══ SUPPLIED MATERIAL

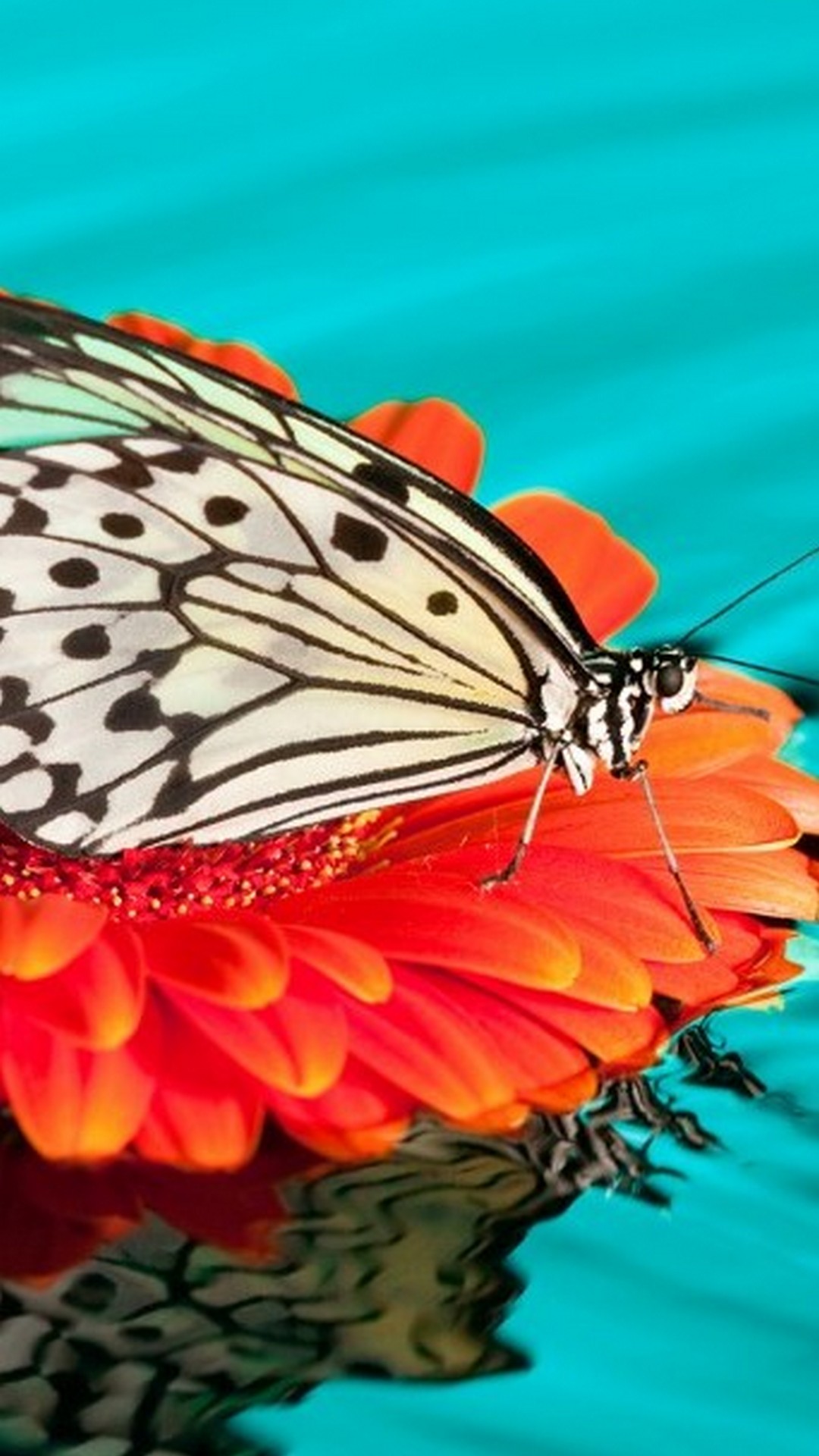 Butterfly Backgrounds For Android with HD resolution 1080x1920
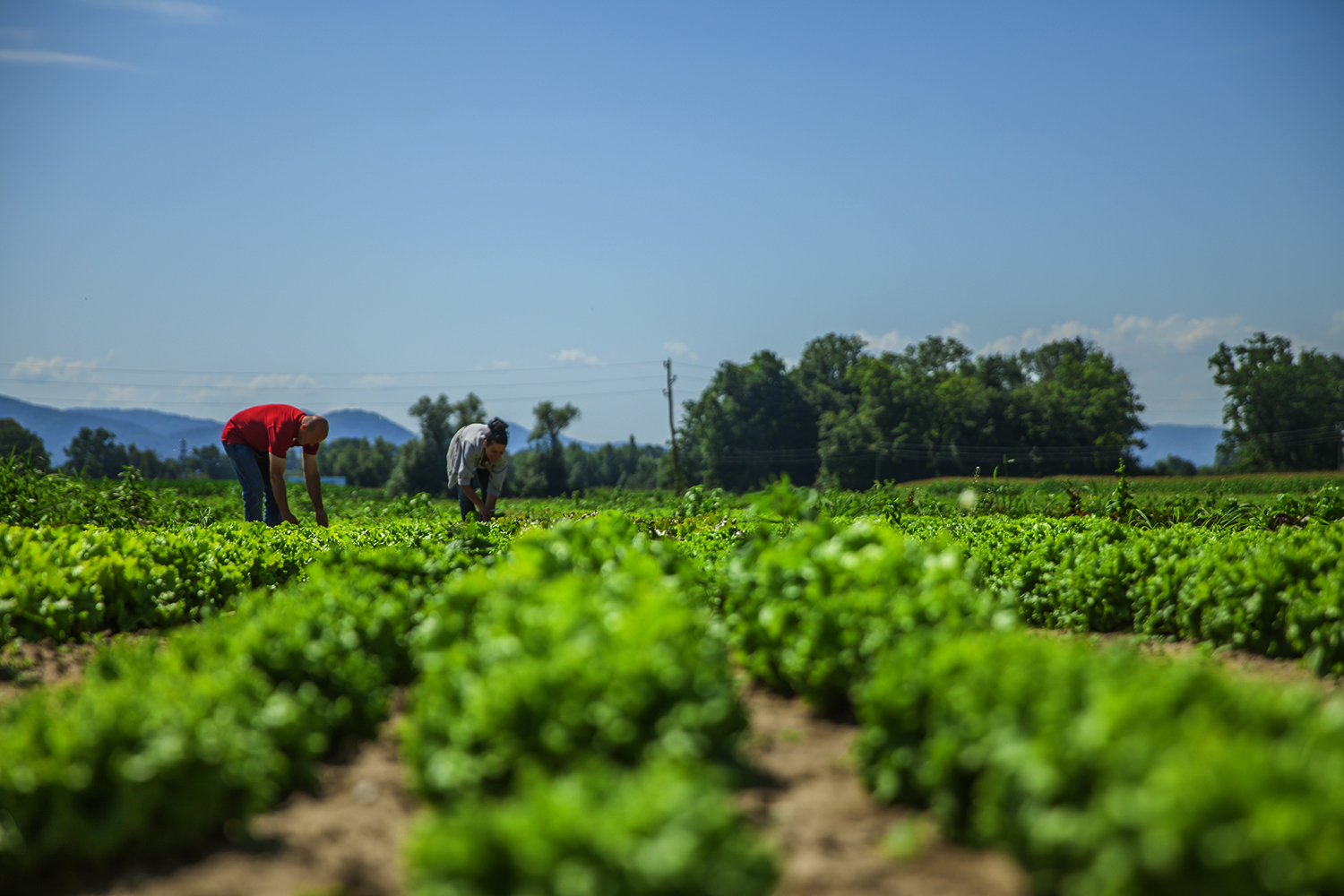 Agriculture Field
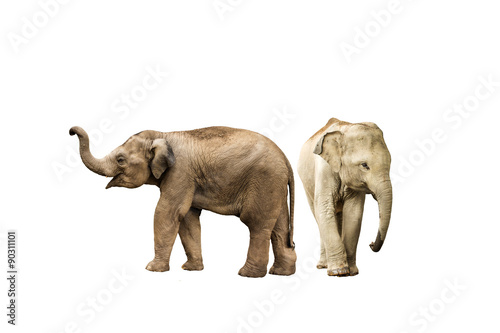 Asia elephant on isolated white background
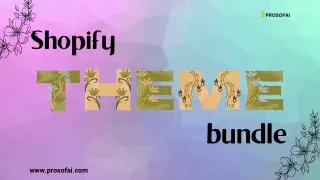 Build a Stunning Store with the Shopify Themes Bundle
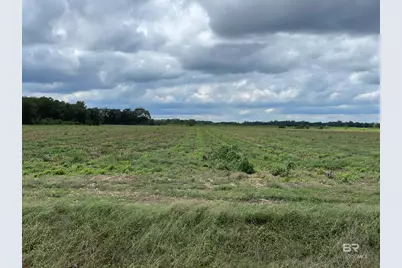 5700 Block Pine Forest Road, Walnut Hill, FL 32568 - Photo 29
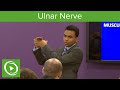 Muscles of the Ulnar Nerve  – MRCS | Lecturio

════

**BRIEF:** Would you please print the entries once more, word for word, minus the pictures?

**ANSWER TO THIS PROBLEM:**
 Butterfly Backgrounds For Android with HD resolution 1080x1920
 Agriculture Field
 Asia elephant on isolated white background
 Build a Stunning Store with the Shopify Themes Bundle
 5700 Block Pine Forest Road, Walnut Hill, FL 32568 - Photo 29
 Muscles of the Ulnar Nerve  – MRCS | Lecturio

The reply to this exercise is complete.